Connexon-mediated cell adhesion drives microtissue self-assembly.


PMID 20876208

Abstract

Microtissue self-assembly is thought to be driven primarily by cadherins, while connexons have been examined mainly in intercellular coupling. We investigated whether connexon 43 (Cx43)-mediated cell adhesion modulates self-assembly of human KGN granulosa cells, normal human fibroblasts (NHFs), and MCF-7 breast cancer cells seeded into nonadhesive agarose gels. We found that treatment with anti-Cx43 E2 (112 μg/ml), which suppresses Cx43 docking, significantly inhibited the kinetics of KGN and NHF self-assembly compared to the preimmune sera control (41.1 ± 4.5 and 24.5 ± 10.4% at 8 h, respectively).
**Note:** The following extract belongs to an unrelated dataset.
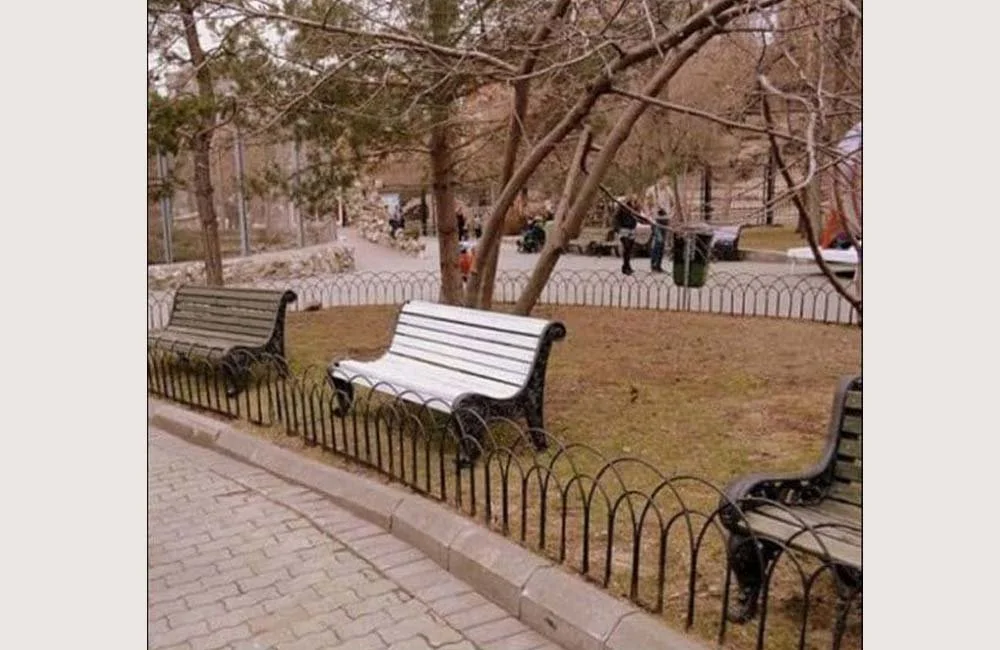 Empty park benches behind a small decorative black metal fence, with leafless trees and a pathways in the background.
Likewise, gap junction inhibitor carbenoxolone also inhibited self-assembly of KGN, NHF, and MCF-7 cells in a dose-dependent manner that was specific to cell type. In contrast, Gap26 connexin mimetic peptide, which inhibits channel permeability but not docking, accelerated self-assembly of KGN and NHF microtissues. Experiments using selective enzymatic digestion of cell adhesion molecules and neutralizing N-cadherin antibodies further showed that self-assembly was comparably disrupted by inhibiting connexin- and cadherin-mediated adhesion. These findings demonstrate that connexon-mediated cell adhesion and intercellular communication differentially influence microtissue self-assembly, and that their contributions are comparable to those of cadherins.